_Problem to solve_: Your answer should consist of the lines in the following data that contain "pool".

[Short web captions]

↓

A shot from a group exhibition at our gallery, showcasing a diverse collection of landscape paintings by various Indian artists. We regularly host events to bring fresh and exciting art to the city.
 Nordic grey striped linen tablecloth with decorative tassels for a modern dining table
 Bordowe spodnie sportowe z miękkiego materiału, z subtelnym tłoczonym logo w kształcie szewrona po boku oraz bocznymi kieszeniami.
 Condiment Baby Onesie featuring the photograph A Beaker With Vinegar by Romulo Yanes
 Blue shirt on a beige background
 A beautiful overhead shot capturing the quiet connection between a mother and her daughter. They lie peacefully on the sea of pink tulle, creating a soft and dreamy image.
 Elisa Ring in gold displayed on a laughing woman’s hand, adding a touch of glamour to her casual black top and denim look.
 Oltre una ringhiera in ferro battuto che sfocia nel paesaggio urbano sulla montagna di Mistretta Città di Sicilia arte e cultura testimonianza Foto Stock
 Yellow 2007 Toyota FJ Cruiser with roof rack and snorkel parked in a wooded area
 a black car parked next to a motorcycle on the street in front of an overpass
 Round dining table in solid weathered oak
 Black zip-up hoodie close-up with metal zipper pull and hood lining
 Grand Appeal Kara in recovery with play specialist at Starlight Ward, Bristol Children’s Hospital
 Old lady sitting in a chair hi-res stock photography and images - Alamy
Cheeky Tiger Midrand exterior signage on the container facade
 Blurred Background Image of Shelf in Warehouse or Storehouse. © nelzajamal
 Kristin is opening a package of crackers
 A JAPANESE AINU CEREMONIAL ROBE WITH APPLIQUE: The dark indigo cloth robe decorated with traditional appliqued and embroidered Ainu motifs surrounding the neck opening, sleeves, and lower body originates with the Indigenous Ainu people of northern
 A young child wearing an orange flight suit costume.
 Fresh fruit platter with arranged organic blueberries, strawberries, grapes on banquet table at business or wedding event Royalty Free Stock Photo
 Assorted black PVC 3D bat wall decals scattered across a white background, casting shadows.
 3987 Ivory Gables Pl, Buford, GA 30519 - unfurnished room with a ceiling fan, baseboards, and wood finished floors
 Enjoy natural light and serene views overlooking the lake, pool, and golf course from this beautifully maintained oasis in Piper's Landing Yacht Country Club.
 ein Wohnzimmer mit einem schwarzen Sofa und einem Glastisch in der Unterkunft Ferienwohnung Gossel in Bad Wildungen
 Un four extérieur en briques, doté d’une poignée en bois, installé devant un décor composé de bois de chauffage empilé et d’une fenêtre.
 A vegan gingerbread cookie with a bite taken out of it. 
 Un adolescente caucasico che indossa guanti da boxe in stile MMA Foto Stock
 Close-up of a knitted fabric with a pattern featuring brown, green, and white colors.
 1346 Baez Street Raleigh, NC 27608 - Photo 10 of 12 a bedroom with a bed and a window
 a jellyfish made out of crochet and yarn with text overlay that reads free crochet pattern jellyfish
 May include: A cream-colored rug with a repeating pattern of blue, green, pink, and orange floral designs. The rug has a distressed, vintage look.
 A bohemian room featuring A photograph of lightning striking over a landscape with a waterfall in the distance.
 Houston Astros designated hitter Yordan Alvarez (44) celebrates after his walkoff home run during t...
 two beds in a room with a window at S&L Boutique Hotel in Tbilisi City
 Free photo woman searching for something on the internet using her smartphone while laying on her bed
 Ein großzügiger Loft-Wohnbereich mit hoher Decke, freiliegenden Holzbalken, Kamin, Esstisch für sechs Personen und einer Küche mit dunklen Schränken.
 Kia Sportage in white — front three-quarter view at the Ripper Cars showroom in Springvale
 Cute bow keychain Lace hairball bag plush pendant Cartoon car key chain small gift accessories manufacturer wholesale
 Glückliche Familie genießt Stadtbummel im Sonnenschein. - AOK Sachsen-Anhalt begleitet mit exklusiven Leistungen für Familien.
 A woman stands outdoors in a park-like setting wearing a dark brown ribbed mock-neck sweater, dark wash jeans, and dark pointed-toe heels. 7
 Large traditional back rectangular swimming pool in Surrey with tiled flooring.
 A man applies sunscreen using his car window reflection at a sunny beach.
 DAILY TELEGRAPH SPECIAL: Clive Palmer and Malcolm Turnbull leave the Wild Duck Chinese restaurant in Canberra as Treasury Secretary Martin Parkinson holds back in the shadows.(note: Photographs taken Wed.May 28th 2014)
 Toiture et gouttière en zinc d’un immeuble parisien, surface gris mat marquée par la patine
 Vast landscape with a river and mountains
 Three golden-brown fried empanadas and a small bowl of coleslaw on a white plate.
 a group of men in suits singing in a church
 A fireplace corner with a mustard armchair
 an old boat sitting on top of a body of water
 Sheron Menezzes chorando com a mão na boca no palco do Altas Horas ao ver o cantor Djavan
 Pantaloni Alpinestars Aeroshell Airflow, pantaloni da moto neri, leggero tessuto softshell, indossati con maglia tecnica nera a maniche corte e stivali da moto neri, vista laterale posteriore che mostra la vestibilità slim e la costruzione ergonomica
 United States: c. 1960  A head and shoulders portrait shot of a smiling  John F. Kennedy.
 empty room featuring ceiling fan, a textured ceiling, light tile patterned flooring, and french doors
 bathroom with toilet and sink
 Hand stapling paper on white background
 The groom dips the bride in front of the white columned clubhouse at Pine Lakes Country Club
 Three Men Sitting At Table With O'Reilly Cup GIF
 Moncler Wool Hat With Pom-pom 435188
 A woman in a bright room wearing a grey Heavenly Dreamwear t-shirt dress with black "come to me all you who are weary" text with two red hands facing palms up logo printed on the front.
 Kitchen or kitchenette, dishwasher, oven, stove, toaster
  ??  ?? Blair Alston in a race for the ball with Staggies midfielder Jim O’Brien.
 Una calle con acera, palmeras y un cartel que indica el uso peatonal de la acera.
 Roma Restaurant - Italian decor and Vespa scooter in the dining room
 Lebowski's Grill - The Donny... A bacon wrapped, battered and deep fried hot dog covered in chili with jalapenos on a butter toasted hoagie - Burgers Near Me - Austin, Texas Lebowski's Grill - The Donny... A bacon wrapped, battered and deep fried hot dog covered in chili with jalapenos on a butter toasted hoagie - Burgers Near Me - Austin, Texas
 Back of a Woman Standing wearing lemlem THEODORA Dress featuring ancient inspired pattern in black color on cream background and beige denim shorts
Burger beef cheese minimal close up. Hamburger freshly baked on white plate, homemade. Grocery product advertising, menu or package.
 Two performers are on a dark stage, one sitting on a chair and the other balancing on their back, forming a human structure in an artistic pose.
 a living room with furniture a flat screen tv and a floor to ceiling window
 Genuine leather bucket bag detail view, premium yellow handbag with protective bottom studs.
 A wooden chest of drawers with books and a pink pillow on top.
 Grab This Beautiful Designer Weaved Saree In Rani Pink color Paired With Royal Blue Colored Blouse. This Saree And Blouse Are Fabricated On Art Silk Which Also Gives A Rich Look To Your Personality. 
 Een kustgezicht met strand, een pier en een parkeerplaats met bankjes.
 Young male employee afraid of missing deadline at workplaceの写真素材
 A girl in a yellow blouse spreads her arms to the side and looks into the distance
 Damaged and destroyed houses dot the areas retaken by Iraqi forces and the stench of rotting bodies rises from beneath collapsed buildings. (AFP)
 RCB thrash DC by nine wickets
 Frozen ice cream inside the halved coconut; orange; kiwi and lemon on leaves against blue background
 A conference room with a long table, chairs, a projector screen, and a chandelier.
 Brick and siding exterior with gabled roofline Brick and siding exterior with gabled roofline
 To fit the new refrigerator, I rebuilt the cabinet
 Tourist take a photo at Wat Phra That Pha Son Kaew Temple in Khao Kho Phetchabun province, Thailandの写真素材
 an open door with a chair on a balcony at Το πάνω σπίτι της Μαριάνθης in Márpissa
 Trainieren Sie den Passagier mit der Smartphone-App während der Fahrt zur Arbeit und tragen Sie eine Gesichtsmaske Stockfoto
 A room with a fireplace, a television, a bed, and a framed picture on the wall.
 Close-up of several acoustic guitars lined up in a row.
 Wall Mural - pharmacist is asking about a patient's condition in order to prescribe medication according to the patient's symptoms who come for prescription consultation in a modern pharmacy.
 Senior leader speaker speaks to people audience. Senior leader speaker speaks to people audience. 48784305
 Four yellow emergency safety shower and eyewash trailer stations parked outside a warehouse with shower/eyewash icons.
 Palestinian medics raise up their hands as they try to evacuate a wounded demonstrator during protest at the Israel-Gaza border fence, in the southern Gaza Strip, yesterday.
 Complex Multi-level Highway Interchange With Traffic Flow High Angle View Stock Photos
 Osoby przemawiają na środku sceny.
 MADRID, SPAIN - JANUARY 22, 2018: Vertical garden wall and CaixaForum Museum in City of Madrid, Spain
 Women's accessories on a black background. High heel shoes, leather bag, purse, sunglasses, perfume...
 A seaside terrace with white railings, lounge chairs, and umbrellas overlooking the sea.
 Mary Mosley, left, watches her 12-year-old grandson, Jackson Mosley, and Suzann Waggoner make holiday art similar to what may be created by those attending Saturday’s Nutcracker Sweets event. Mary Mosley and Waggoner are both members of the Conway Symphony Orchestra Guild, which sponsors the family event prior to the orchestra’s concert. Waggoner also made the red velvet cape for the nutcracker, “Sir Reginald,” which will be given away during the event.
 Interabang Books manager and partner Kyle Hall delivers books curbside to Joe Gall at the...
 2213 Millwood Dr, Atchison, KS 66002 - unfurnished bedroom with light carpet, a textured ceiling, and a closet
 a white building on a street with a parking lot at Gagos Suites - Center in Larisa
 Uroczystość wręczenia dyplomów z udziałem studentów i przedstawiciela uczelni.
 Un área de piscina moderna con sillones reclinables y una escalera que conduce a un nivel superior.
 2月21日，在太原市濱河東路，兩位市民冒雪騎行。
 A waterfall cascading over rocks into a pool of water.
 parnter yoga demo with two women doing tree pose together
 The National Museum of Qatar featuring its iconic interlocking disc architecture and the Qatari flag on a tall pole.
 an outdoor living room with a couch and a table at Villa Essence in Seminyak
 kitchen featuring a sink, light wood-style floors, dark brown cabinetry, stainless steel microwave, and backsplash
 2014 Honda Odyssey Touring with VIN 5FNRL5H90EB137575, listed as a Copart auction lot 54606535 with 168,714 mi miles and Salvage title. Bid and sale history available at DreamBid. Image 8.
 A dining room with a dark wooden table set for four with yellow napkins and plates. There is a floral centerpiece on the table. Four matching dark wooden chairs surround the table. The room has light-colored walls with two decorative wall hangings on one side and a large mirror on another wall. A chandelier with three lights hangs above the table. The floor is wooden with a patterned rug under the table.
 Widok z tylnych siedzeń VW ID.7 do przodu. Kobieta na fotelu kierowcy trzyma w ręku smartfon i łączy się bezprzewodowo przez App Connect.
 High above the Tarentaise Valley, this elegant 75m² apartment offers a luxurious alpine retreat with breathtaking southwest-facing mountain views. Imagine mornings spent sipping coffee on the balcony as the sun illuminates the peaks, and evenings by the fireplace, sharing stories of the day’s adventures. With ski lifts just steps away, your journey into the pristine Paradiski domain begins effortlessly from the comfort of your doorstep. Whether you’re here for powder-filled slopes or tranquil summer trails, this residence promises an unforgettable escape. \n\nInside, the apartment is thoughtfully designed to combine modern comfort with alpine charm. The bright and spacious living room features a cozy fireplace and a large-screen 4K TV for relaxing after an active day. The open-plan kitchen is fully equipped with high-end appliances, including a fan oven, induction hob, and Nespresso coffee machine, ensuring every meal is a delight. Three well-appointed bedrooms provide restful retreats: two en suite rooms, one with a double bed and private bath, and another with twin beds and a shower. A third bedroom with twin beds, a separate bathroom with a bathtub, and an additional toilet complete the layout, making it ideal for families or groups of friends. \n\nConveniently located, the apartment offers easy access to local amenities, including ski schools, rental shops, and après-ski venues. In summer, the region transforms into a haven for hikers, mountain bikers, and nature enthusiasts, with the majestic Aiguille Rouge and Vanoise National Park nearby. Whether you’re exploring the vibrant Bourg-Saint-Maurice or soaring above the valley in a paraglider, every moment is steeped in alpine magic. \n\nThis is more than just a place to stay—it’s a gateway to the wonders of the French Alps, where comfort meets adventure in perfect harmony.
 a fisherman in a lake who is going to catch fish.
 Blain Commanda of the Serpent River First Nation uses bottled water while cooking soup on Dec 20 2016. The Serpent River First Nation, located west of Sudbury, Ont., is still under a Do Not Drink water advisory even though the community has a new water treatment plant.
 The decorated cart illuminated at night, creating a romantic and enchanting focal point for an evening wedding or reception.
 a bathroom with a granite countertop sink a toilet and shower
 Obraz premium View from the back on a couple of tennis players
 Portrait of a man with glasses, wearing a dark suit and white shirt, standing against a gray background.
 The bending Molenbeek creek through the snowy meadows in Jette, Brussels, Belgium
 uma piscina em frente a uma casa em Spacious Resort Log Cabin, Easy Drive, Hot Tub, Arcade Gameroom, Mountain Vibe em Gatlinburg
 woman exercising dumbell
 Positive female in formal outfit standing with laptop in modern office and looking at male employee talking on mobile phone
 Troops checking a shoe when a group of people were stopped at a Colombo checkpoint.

↑

_Output for this task_:
 Enjoy natural light and serene views overlooking the lake, pool, and golf course from this beautifully maintained oasis in Piper's Landing Yacht Country Club.
 Large traditional back rectangular swimming pool in Surrey with tiled flooring.
 A waterfall cascading over rocks into a pool of water.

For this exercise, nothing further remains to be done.